(Collection entries)
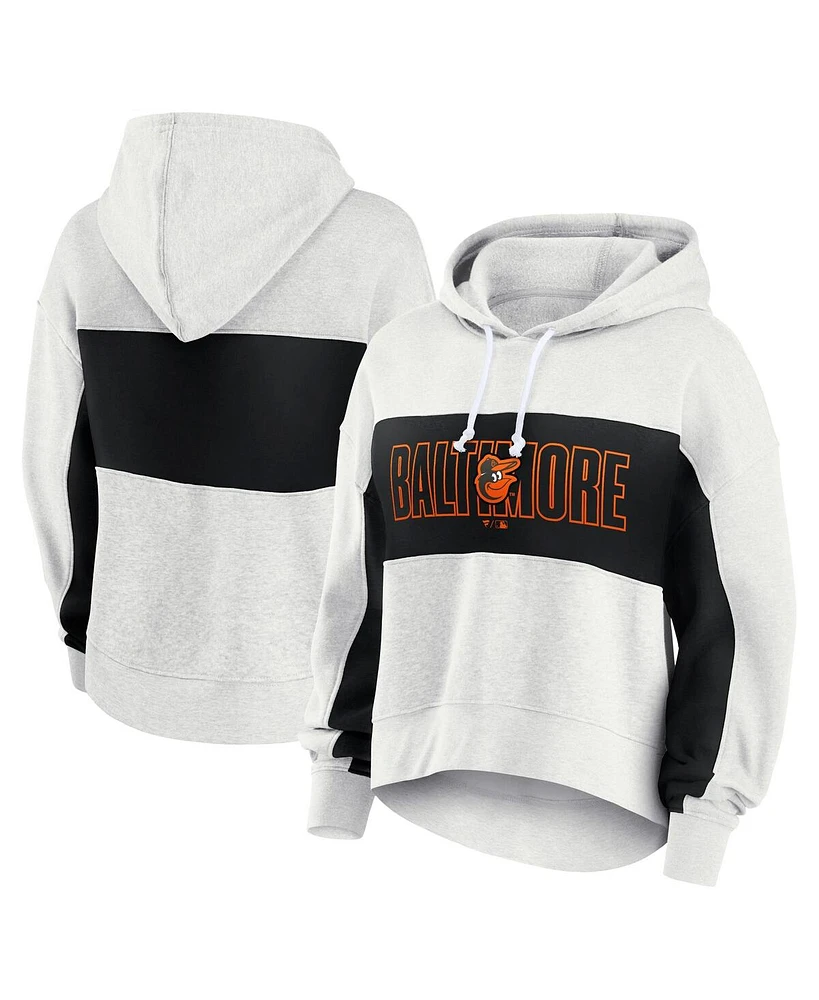 Fanatics Women's Oatmeal Baltimore Orioles Up for It Fleece Pullover Hoodie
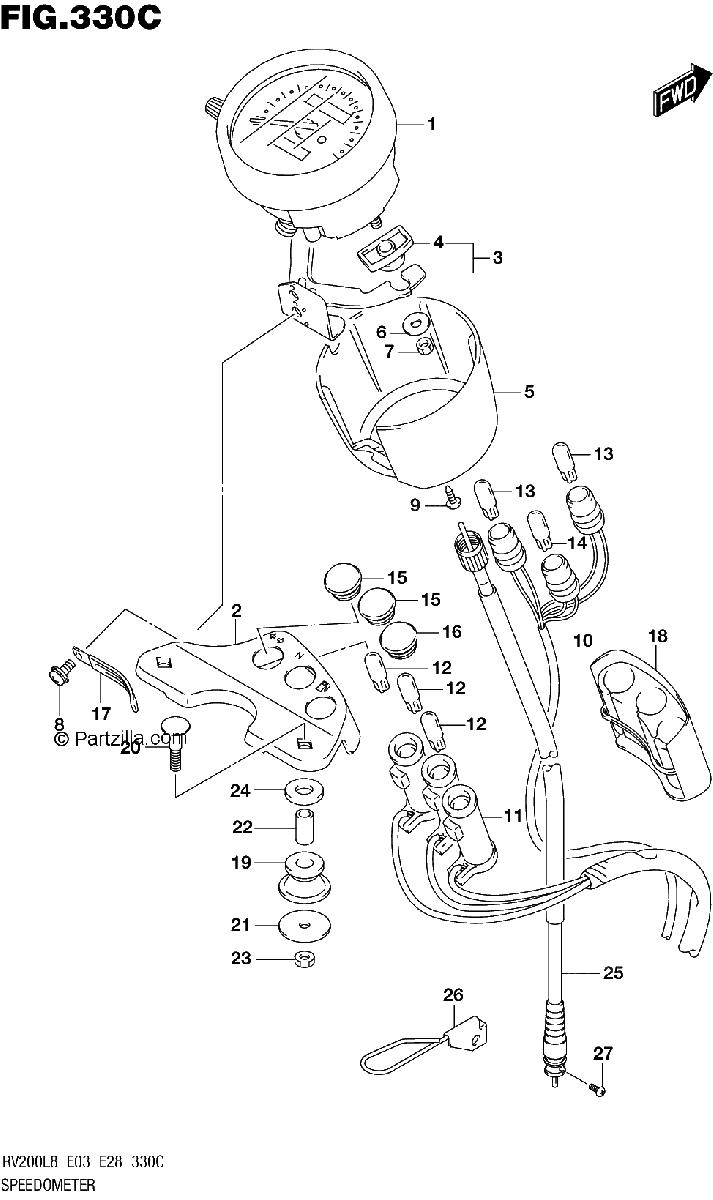 Diagrama de 330C SPEEDOMETER RV200L8 E33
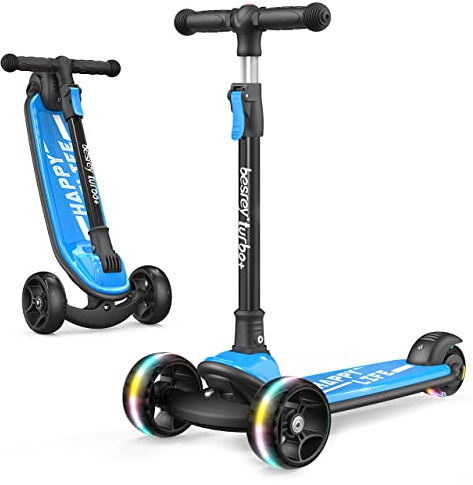 besrey Kick Scooter for Kids Ages 3-10, 3-Wheel Folding Scooter with Adjustable Height, LED Light Wheels, Extra Wide Deck for Outdoor Activities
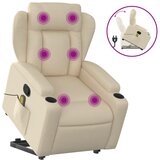 The Living Store Masažni naslanjač s funkcijo vstajanja krem blago - Dvižni Masažni Naslanjač, (21501966) | Shoptok.si
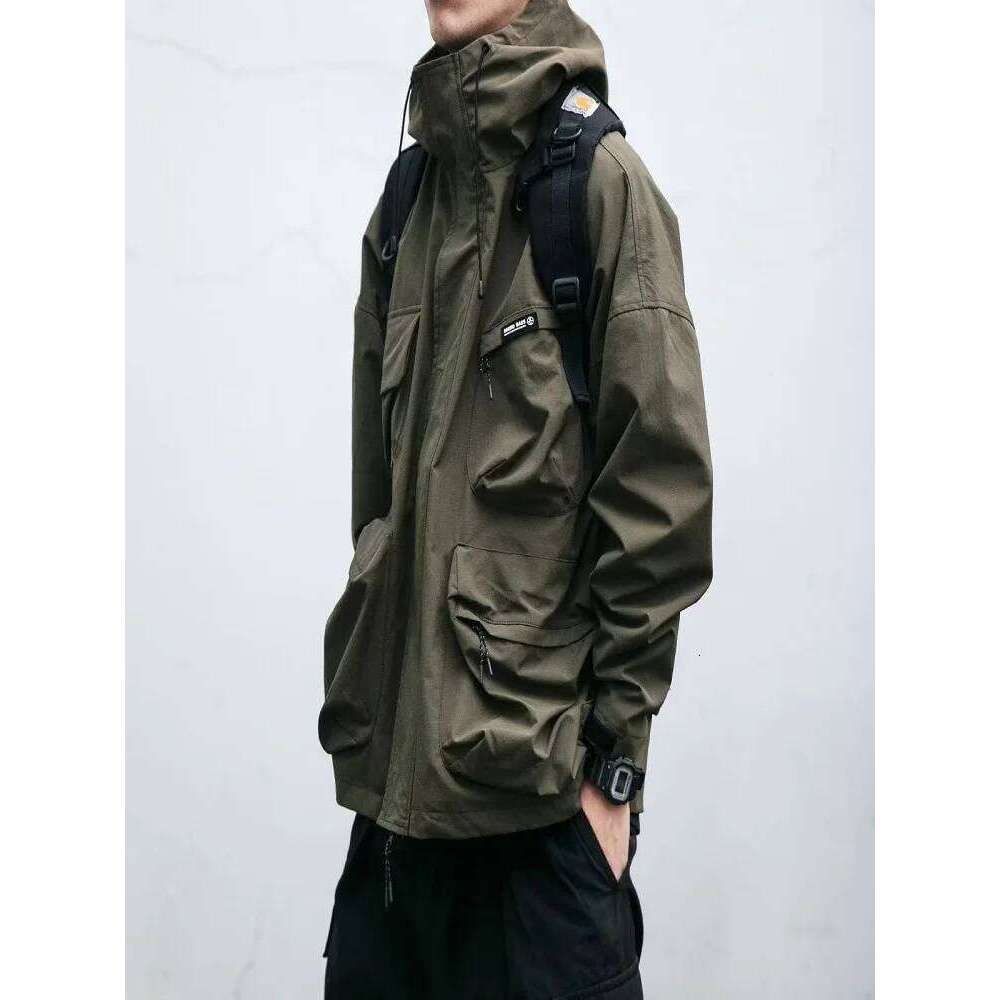 Mountaineering outfit with multiple pockets, street mountain windproof hooded jacket, retro men's wear, casual work pants 26H0311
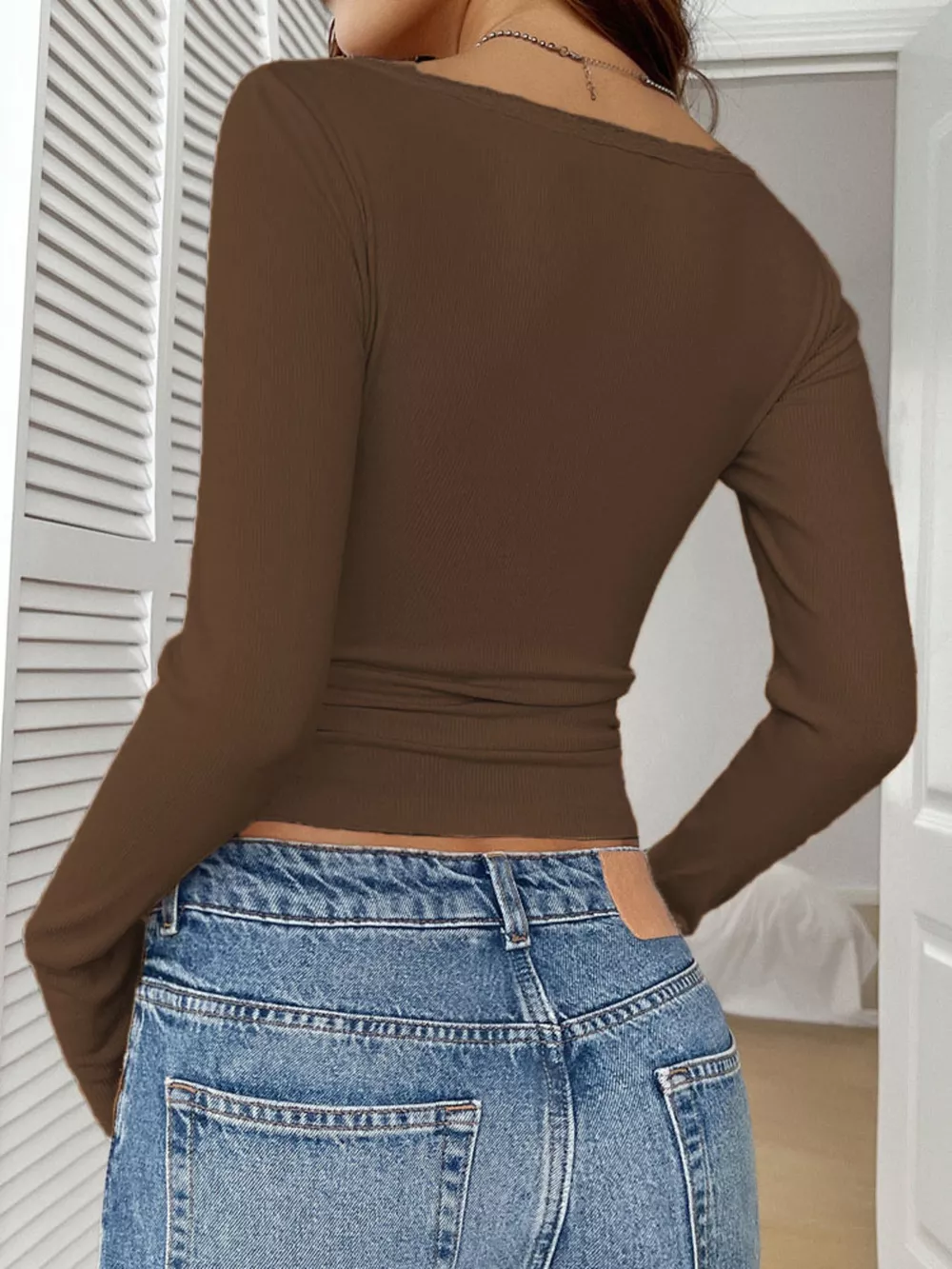 Ribbed Knit Lace Trim Long Sleeve T-Shirt, image 26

» WORK ORDER
Starting with the line that contains "Mountaineering outfit with" and ending with the last line of the data above, transcribe exactly those lines and no others, without pictures.

» ANSWER
 Mountaineering outfit with multiple pockets, street mountain windproof hooded jacket, retro men's wear, casual work pants 26H0311
 Ribbed Knit Lace Trim Long Sleeve T-Shirt, image 26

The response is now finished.